◆ **Required action**
Up to and including the line with "Intersecting Lines II Canvas by Art Remedy", copy the records below exactly from their first line.

◆ **Entries provided**

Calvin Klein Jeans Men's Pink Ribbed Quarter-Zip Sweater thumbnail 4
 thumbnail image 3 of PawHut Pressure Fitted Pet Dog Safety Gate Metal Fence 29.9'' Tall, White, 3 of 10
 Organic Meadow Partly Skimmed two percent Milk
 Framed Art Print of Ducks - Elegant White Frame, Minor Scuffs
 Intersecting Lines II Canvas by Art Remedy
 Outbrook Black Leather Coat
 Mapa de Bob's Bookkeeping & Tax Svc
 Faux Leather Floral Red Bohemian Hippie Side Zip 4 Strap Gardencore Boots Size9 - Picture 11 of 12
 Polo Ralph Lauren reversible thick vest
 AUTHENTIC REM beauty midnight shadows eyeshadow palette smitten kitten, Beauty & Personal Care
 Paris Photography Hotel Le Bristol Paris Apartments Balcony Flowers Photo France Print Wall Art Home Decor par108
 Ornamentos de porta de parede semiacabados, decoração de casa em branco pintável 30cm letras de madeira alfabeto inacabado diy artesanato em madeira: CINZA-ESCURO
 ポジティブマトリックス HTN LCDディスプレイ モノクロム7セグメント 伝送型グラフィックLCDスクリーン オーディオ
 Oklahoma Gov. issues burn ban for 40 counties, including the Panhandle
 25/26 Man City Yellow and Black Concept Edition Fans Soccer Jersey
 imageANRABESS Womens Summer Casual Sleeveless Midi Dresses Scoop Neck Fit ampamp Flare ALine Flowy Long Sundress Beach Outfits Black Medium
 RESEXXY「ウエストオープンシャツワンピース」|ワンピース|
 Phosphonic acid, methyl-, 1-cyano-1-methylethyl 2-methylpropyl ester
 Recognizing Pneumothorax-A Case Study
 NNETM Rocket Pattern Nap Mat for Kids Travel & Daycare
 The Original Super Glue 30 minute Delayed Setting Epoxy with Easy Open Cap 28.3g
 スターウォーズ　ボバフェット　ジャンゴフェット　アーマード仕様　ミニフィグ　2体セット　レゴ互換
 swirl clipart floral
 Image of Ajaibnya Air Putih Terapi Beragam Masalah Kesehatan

◆ **The completed task**
Calvin Klein Jeans Men's Pink Ribbed Quarter-Zip Sweater thumbnail 4
 thumbnail image 3 of PawHut Pressure Fitted Pet Dog Safety Gate Metal Fence 29.9'' Tall, White, 3 of 10
 Organic Meadow Partly Skimmed two percent Milk
 Framed Art Print of Ducks - Elegant White Frame, Minor Scuffs
 Intersecting Lines II Canvas by Art Remedy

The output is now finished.